After a massive national campaign to "save the rainforests", the Hawke Labor Government declared large areas of the Wet Tropics World Heritage in the late 1980s. It was a popular decision, despite bitter opposition in small pockets where a significant sawmill industry had lingered on. A generous federal compensation package alleviated the economic pain − and tourism received a major lift from the World Heritage declaration. 

By the 1990s, the National Party lost power in Queensland. A Labor Government took the far-sighted decision to transition out of native forest logging, state-wide. This spared Queensland some of the fierce environmental conflicts over logging that persist to this day in other states. Some native forest logging continued on private land, but State Forests were managed on the understanding that native forests were no longer viewed as a long-term source of timber.

In centuries to come, as long as we protect the regrowth forests, old growth will slowly be restored in the highly biodiverse Wet Tropics. There are still plenty of environmental concerns, of course − past loss of old growth, fragmentation and the near-complete loss of rare vegetation types means that much of FNQ's unique flora and fauna remains at risk.

The prospect of rapid climate change is an additional factor; studies suggest a continuing loss of species even if we keep all remaining forests intact. However, the absence of a large, entrenched native forest timber industry has given environmentalists in FNQ some sense of optimism that we'd turned the corner on forest protection. 

Sadly, that's no longer the case. In 2012, the Liberal-National Party swept back to power with a policy agenda that sets back the clock on some of the hard-won environmental gains of recent times. Whereas Labor was committed to ceasing logging in public native forests, the Newman Government intends to "restore" the industry. This regrettable policy applies to FNQ as well as other parts of the state.

Unfortunately the Hawke Government's World Heritage declaration did not protect all the forests of FNQ. Large areas of private and State-owned forests were left out of the declaration, which was made in a rush without the benefit of modern mapping tools such as GPS. Because the focus of the declaration was protection of rainforests, adjacent areas of wet sclerophyll forest were generally omitted. These are the focus of the Newman Government's new plans to re-start native forest logging in FNQ.

Since there is no longer a timber industry in FNQ reliant of public forests, and given the central importance of tourism to the region's economy, it's hard to understand the rationale for re-starting logging once again.

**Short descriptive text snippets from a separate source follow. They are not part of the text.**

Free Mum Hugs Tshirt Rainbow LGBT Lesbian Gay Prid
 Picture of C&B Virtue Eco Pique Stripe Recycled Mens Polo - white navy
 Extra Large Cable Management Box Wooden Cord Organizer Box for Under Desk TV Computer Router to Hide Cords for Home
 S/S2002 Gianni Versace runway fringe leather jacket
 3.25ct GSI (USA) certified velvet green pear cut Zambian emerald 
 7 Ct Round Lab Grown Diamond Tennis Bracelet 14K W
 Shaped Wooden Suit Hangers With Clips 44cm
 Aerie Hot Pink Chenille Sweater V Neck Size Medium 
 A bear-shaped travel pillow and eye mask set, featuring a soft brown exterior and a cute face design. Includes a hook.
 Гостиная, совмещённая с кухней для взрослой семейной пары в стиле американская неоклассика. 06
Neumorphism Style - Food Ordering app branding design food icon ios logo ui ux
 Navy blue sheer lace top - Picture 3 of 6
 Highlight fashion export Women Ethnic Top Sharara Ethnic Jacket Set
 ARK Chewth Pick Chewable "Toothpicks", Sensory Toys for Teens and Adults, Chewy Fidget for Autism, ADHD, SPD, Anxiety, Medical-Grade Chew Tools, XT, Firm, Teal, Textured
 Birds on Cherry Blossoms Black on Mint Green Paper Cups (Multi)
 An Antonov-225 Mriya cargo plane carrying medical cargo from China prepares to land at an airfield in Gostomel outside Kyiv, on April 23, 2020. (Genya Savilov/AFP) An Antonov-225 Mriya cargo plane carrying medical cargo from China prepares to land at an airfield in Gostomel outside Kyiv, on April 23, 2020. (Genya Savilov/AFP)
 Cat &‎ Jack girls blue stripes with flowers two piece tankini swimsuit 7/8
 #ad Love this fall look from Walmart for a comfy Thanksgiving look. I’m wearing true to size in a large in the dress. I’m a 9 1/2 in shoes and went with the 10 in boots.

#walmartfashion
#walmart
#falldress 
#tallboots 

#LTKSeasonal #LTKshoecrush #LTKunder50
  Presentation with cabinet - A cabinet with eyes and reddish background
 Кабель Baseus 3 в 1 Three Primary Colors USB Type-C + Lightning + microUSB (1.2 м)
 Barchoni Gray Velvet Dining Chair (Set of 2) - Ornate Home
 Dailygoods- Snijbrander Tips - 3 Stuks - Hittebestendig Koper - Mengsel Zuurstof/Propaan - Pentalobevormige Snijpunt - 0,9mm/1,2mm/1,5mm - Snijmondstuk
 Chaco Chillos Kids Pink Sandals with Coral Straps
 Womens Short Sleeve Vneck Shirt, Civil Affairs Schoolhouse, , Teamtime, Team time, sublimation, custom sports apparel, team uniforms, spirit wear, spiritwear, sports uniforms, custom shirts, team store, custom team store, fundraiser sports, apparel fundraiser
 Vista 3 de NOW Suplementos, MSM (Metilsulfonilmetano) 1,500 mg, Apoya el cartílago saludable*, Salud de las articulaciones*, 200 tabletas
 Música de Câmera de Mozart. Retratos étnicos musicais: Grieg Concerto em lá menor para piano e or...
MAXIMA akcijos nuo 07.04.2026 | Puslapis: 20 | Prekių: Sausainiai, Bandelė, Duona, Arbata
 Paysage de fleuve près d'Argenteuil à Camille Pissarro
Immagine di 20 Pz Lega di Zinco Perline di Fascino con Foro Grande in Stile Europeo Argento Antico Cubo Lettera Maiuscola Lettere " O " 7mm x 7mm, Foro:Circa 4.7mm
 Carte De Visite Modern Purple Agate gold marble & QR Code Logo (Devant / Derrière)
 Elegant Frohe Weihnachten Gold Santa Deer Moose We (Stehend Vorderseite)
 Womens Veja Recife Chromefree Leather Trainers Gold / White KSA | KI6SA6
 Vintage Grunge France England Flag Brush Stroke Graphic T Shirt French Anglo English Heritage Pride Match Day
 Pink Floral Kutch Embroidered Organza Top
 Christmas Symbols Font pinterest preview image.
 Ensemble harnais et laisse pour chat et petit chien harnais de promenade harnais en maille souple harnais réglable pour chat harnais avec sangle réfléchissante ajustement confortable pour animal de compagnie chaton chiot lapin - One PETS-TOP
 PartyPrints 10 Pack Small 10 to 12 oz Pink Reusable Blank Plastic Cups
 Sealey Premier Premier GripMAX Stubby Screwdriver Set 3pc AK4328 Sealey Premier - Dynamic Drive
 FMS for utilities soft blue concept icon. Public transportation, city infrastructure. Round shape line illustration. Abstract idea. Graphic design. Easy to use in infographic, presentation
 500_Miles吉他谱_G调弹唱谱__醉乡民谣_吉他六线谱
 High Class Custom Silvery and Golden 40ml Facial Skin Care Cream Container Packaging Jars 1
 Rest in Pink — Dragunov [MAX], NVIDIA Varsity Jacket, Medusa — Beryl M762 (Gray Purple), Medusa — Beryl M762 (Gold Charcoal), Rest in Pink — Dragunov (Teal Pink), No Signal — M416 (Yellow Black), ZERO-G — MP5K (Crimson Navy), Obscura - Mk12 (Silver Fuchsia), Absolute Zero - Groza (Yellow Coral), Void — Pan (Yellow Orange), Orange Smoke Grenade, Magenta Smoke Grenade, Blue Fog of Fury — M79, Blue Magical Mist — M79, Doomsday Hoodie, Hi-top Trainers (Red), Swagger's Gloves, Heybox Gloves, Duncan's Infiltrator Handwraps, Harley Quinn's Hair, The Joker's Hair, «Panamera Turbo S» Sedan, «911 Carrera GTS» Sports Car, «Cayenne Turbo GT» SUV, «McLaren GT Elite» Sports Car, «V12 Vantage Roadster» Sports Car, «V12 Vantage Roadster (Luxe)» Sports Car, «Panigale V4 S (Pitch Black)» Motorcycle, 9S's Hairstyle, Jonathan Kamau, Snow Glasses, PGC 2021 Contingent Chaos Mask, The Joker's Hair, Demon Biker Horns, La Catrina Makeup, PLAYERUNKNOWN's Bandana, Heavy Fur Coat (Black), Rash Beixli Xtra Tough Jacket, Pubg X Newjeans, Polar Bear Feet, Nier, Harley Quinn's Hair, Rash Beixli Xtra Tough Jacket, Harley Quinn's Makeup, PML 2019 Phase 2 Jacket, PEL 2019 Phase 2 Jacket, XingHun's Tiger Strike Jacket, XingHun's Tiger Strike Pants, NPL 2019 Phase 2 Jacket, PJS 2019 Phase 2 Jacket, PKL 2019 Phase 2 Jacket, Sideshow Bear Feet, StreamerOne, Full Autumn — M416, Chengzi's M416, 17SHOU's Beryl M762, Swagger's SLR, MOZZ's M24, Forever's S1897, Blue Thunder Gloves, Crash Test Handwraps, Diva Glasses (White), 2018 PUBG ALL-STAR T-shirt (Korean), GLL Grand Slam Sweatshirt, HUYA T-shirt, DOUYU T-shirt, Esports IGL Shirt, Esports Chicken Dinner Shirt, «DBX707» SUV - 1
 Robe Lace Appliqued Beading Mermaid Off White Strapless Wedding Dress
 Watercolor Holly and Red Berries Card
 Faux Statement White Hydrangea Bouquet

Friends of the Earth, Kuranda's initial inquiries to the Forestry Department and Parks Service indicated confusion within the bureaucracy over the Newman Government's intentions. Re-starting the native forest logging industry seems to be more a matter of ideology than economics. According to a letter received in 2013 from the Director-General of the Forest Department, "it is expected to be approximately five years before sawlog harvesting commences in Kuranda State Forest and, once started, harvesting operations are likely to be completed in under a year".

If that's really the intention, one wonders why the Government is bothering at all. Why raise employment expectations over a resource that's clearly unsustainable? Why jeopardise the dominant tourism industry for such a trivial and short-term timber grab?

Two State elections are due before the proposed logging of Kuranda State Forest. That's two elections at which we can mobilise opposition and punish offending politicians. If all else fails we will have to call on our friends and supporters around the nation to come visit us in this wonderful area and join us at the front-line.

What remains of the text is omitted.